Introduction of the Yuan and its history
At this point we want to explain the characteristics of the Yuan and of the Renminbi respectively. First of all Yuan and Renminbi are synonyms. China’s currency is officially called the Renminbi. The Yuan is the basic unit of the Renminbi. In terms of the financial market, the ticker symbol for the Yuan Renminbi is CNY.
In terms of worldwide foreign exchange sales, the Yuan has a long way from becoming a top currency. In 2016 it took the 8th place in the global currency ranking and its share of total sales was just 4%. This brings up a very important fact: With just 4% in currency sales, China has an 18.3% of worldwide GDP (Gross Domestic Product). Comparing the significance of the Yuan as a global currency with the size of the Chinese economy, reveals a strong underrepresentation of the Yuan.
The History of USDCNY with different systems
First, let’s have a look at the following long-term chart:
What you see here is the last 37 years. Maybe this is not the first time you see such a chart, you are perhaps wondering about the weird course. This is due to the monetary policy of the People’s Bank of China (PBC or PBoC the Central Bank of China).

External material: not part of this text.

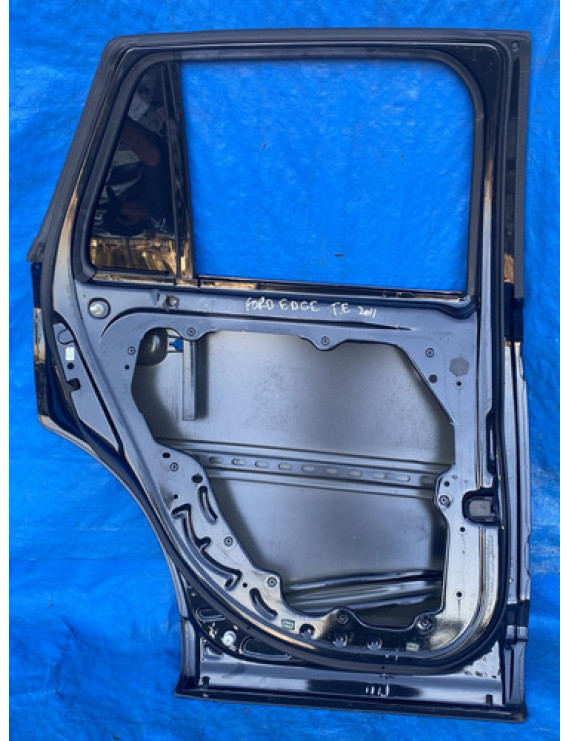 Porta Traseira Esquerda Ford Edge 2011 A 2014 Traseira Esquerdo Preto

Let's see the exchange rate systems between the two currencies. Between 1994 and 2010 the Yuan was tied to the USD and the exact binding was determined by the PBC. From 2010 and onwards the exchange rate regime became more flexible and the fixed bond to the USD was replaced by a basket of currencies. DIf we consider all of the above aspects, it is hard to define Yuan as a free floating currency. The PBC continued to have a tight grip of the USDCNY exchange rate, although the Yuan could fluctuate freely within a certain range.
The appreciation of the Chinese currency has long been demanded by Europe and the US, China's economic boom and strong export growth were favored by the country's low-rated currency. The US,in particular, has been pushing for a Yuan appreciation in view of its high trade deficit with China.
On August 11, 2015, the PBC surprisingly depreciated the Yuan by 1.9%, which was followed by another devaluation of 1.6% on the following day. The PBC was aiming to approximate market mechanisms and adapt to the expectations of currency traders.
On November 30, 2015, the International Monetary Fund (IMF) declared the Yuan as the fifth global reserve currency alongside the US Dollar, Euro, British Pound and Yen. From that moment and onwards Yuan could be used more frequently in the global trade and in financial systems. On October 1, 2016, the Yuan was added to the IMF's world currency basket as the fifth currency.
This is why it's so hard to use the Yuan in short-term trading. But there are also long-term opportunities, as economic developments and monetary policy play a very important role.